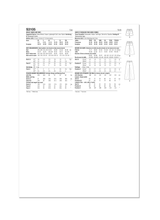 Simplicity Misses Shorts and Pants Sewing Pattern S3105A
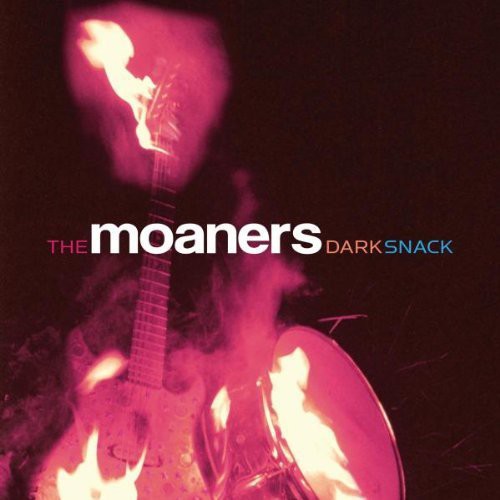 Moaners - Dark Snack - Vinyl Record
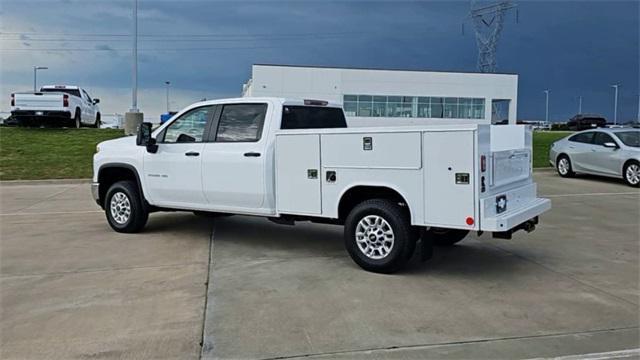 new 2025 Chevrolet Silverado 2500 car, priced at $50,338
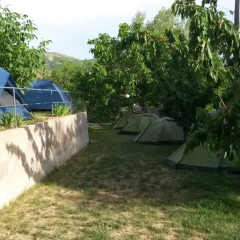 Отель Camping 3 Gs Гарни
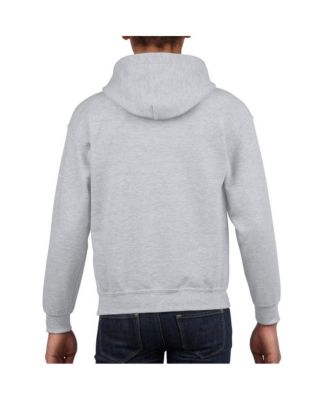 Youth Circle Logo Pull Over Hoodie / Hooded Sweatshirt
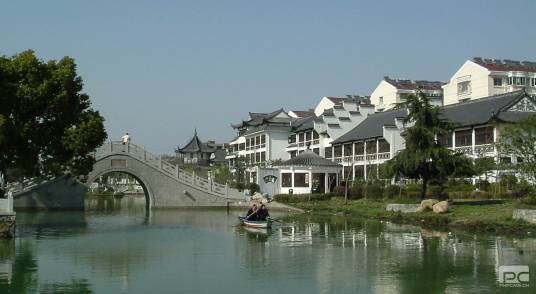 仙鹤湾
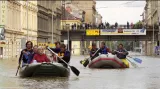 Česko si dál připomíná dekádu od ničivých povodní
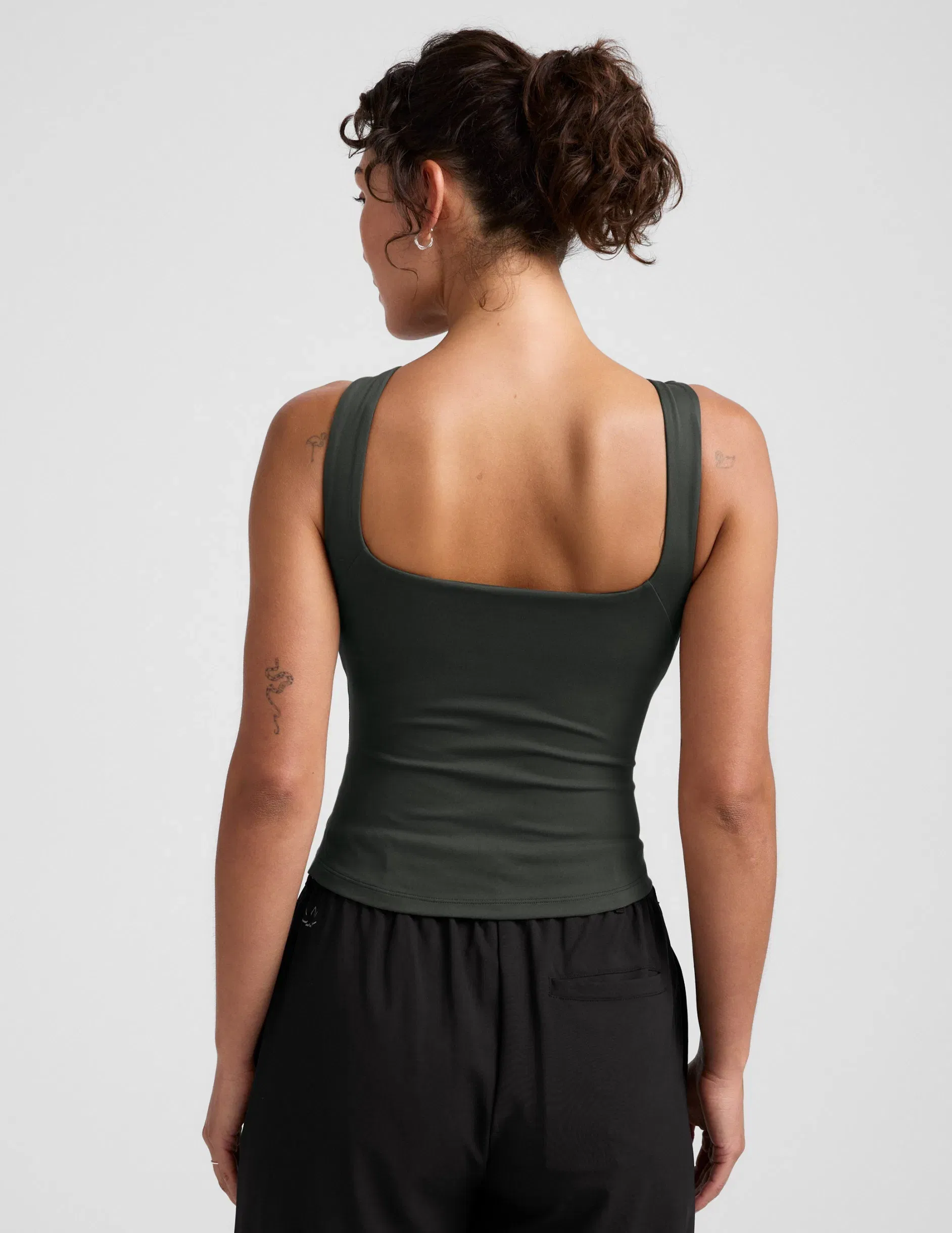 Beyond Yoga Eclipse Open Back Tank Women's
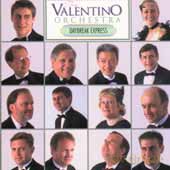 The Valentino Orchestra: Daybreak Express [CD]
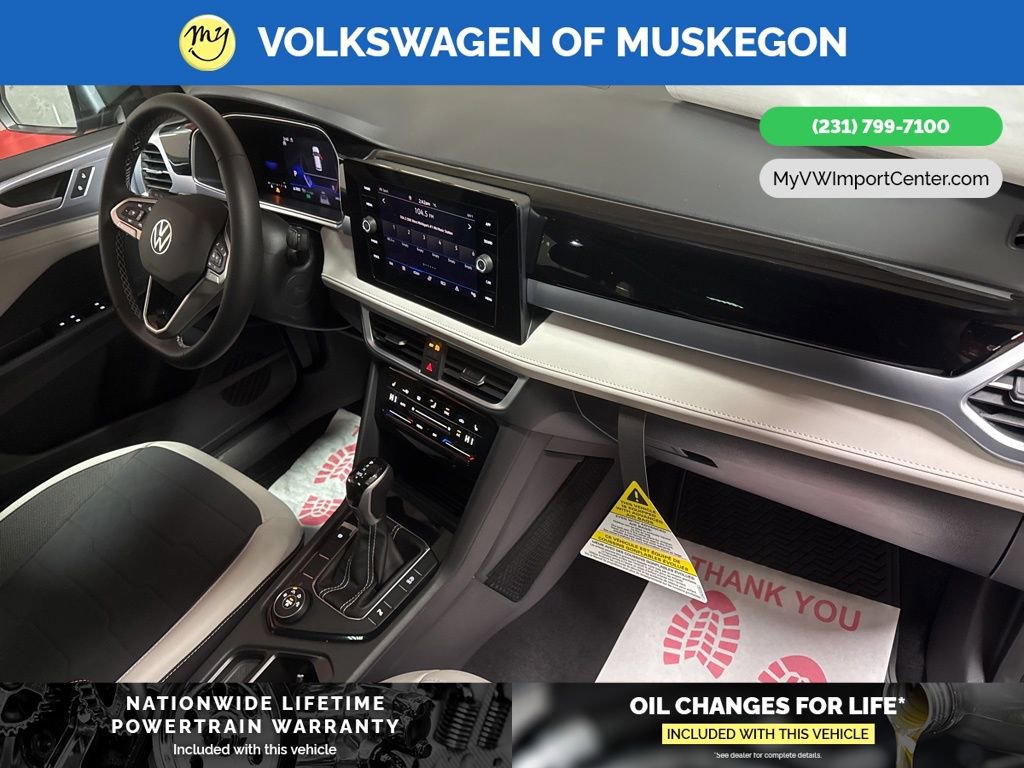 New 2026 Volkswagen Taos SE image 29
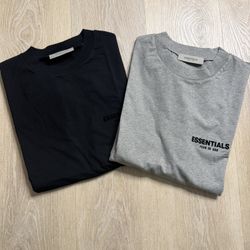 🔌WHOLESALE/SINGLE ESSENTIAL SHIRTS🔌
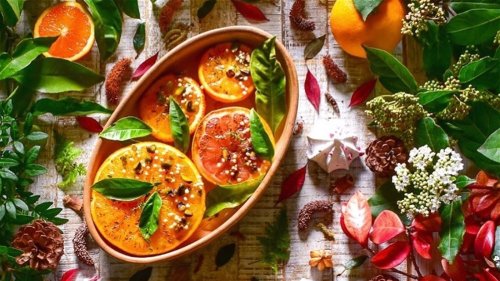 Roasting Citrus Is A Simple Process With Major Benefits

-.-.-

**Description of the task:** Hand back all the entries exactly, leaving out the pictures.

**Written solution:**
 Simplicity Misses Shorts and Pants Sewing Pattern S3105A
 Moaners - Dark Snack - Vinyl Record
 new 2025 Chevrolet Silverado 2500 car, priced at $50,338
 Отель Camping 3 Gs Гарни
 Youth Circle Logo Pull Over Hoodie / Hooded Sweatshirt
 仙鹤湾
 Česko si dál připomíná dekádu od ničivých povodní
 Beyond Yoga Eclipse Open Back Tank Women's
 The Valentino Orchestra: Daybreak Express [CD]
 New 2026 Volkswagen Taos SE image 29
 🔌WHOLESALE/SINGLE ESSENTIAL SHIRTS🔌
 Roasting Citrus Is A Simple Process With Major Benefits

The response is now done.